Copy out, unchanged, the entries below from the "motor Foto: Penampakan" line to the final line. Omit pictures.

(Recorded information)

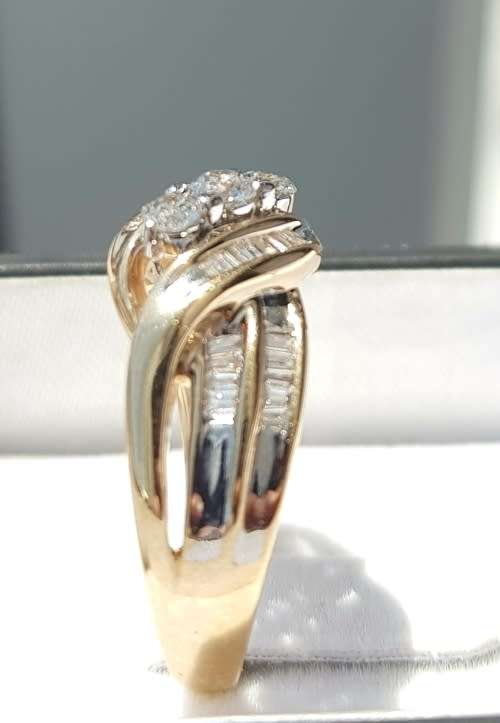 0.750ct TRILOGY  DESIGN DIAMOND RING ** YELLOW GOLD** LADIES STUNNING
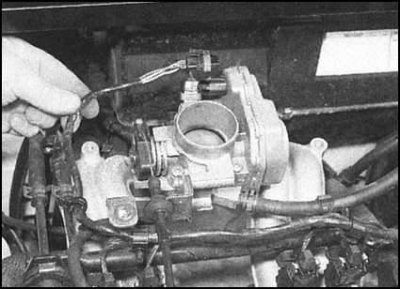 6. Отсоедините шланги подачи и возврата топлива…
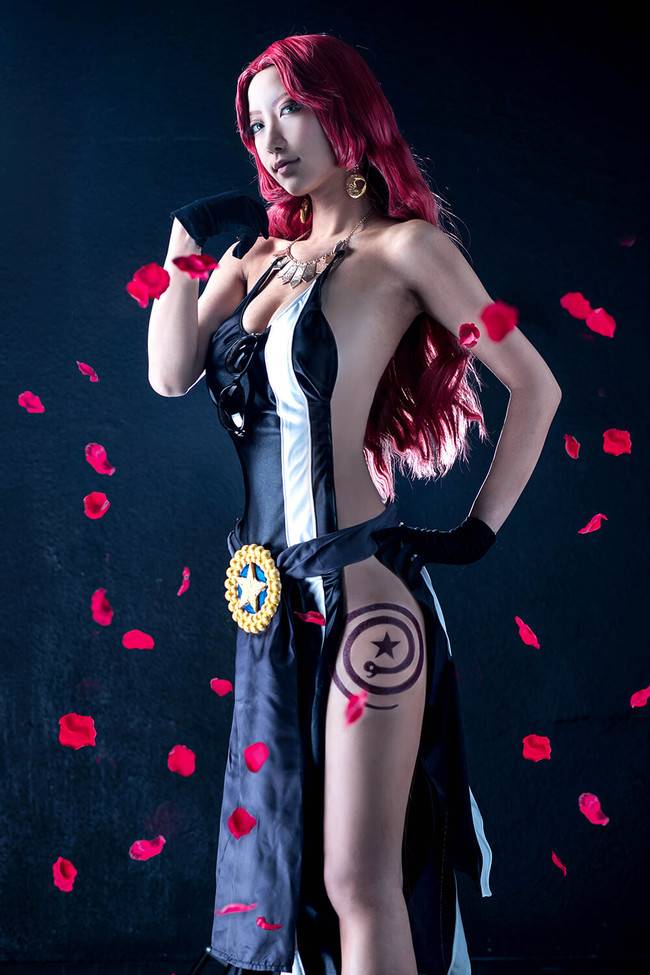 Cosplay福利/海贼王芭卡拉性感美女巨乳cosplay福利诱惑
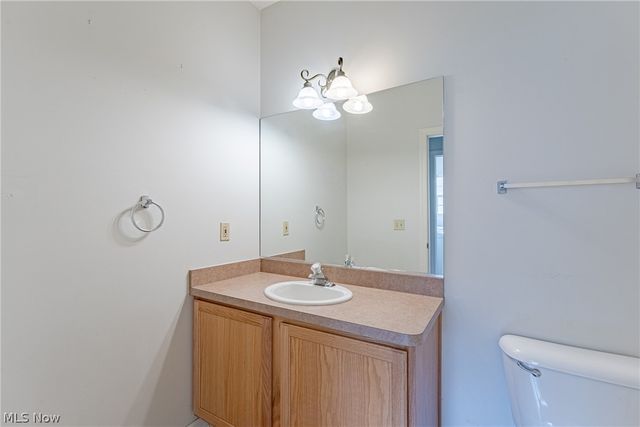8757 Roberts Court 25C, Olmsted Falls, OH 44138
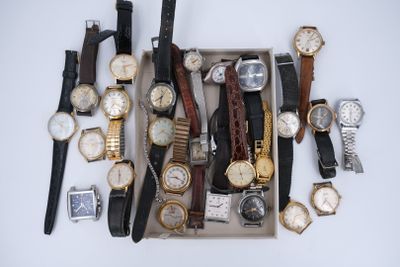 beaucoup de montres dans une boîte posée sur la table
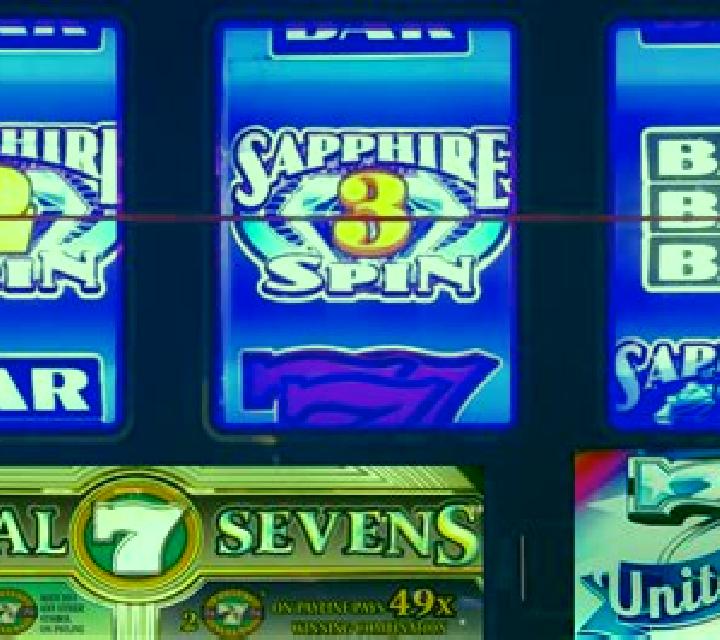 Triple Sapphire Sevens slot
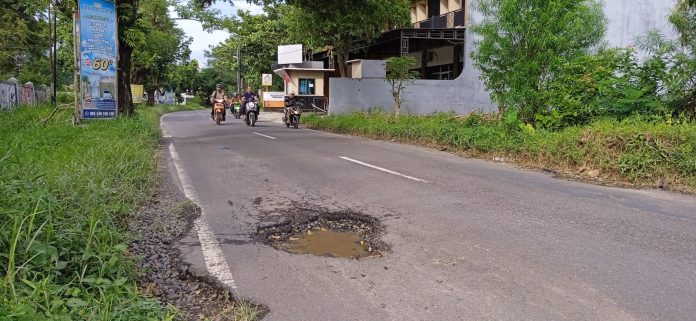 Foto: Penampakan jalan lubang yang dapat membahayakan pengendara sepeda motor Foto: Penampakan jalan lubang yang dapat membahayakan pengendara sepeda motor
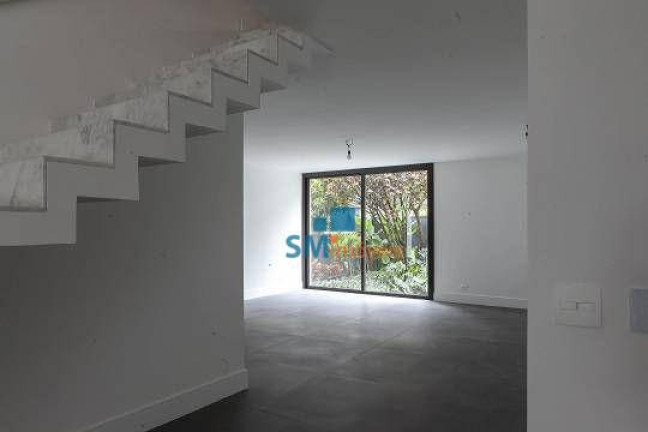 Casa com 5 Quartos à Venda, 410 m² em Alto De Pinheiros - São Paulo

(End Recorded information)

Result
 Foto: Penampakan jalan lubang yang dapat membahayakan pengendara sepeda motor Foto: Penampakan jalan lubang yang dapat membahayakan pengendara sepeda motor
 Casa com 5 Quartos à Venda, 410 m² em Alto De Pinheiros - São Paulo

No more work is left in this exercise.